Не похоже, кстати, что ее такая идея пугает. Немного смущает, не более того. Ну, или я совсем уж не разбираюсь в людях, что, с учетом моего опыта, маловероятно.
– Ты вот что, – говорит наконец Юрка. – Имей в виду: то, что я тебе сейчас скажу, будет очень похоже на полную чушь. И ты от нее, скорей всего, отмахнешься. Я бы и сам с радостью отмахнулся – если бы вот так, с чужих слов… Проблема в том, что для меня это, уж прости за пафос, откровение. Всякая информация, полученная в столь невероятных обстоятельствах, – откровение. Надеюсь, такие вещи ты понимаешь.
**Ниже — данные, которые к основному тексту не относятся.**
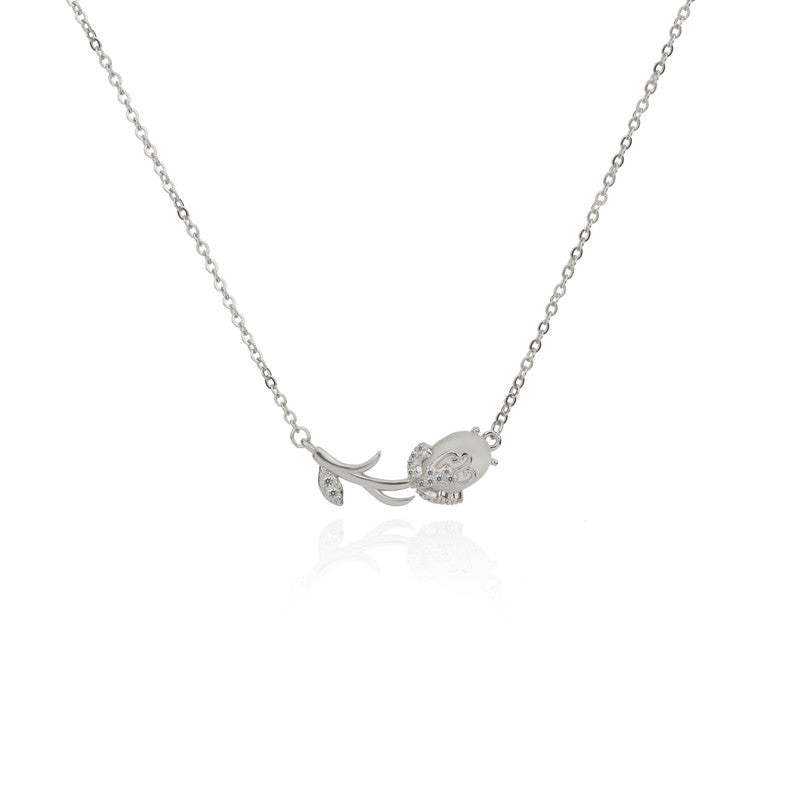 925 Silver Floral Branch Pendant for festive gifting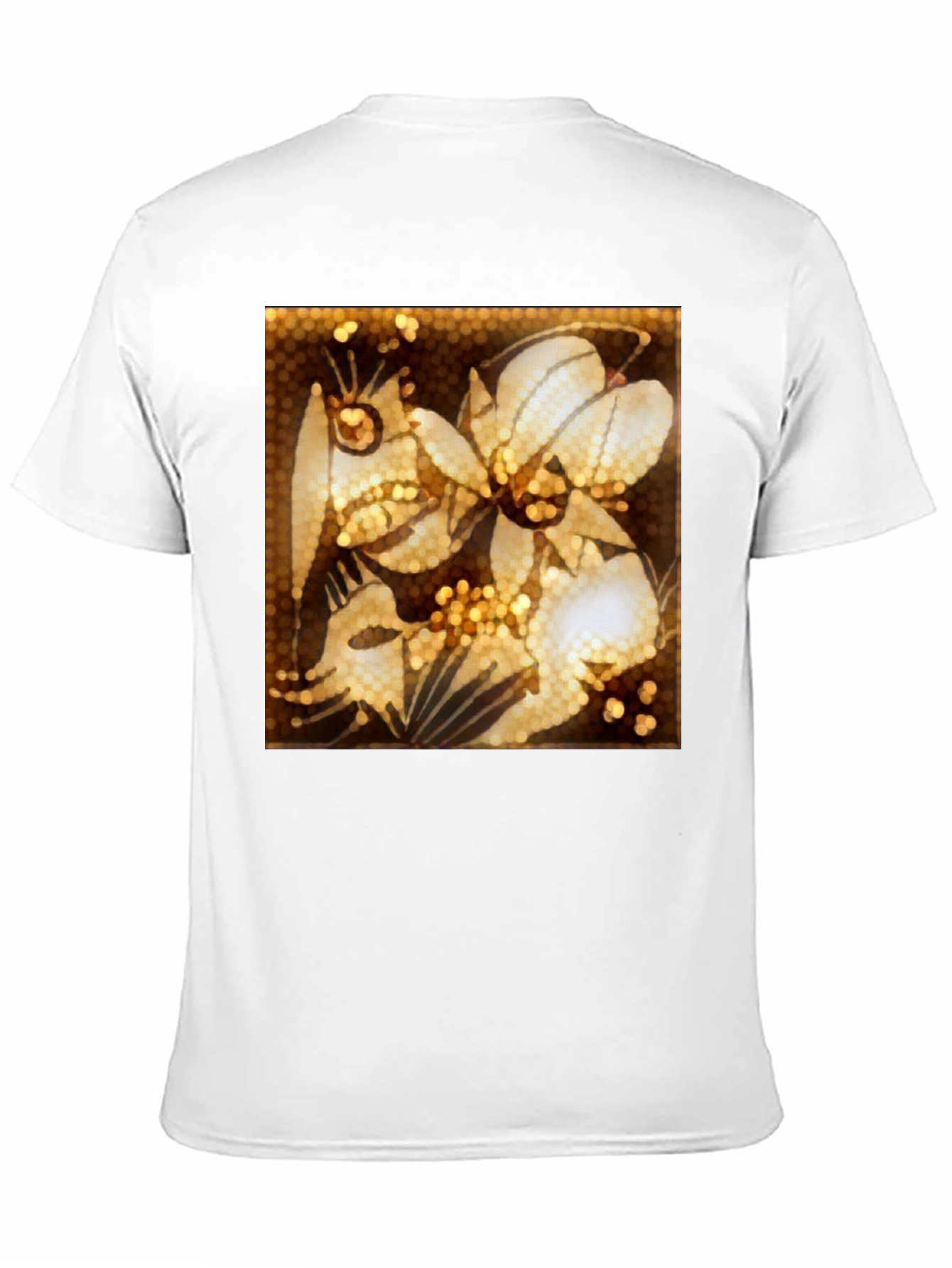 Black Floral Art Print Black T-Shirt view 11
– Было бы что понимать, – огрызается. – Тебя вызывают на тайные переговоры, а мне велено смирно сидеть на кухне и, за неимением под рукой киндера и кирхи, вышивать, что ли, на пяльцах…
Он изумленно меня разглядывает, словно впервые увидел. Недоверчиво качает головой, кажется, хочет спросить: «Да ты ли это?» – но понимает, что такой вопрос прозвучит совсем уж дико.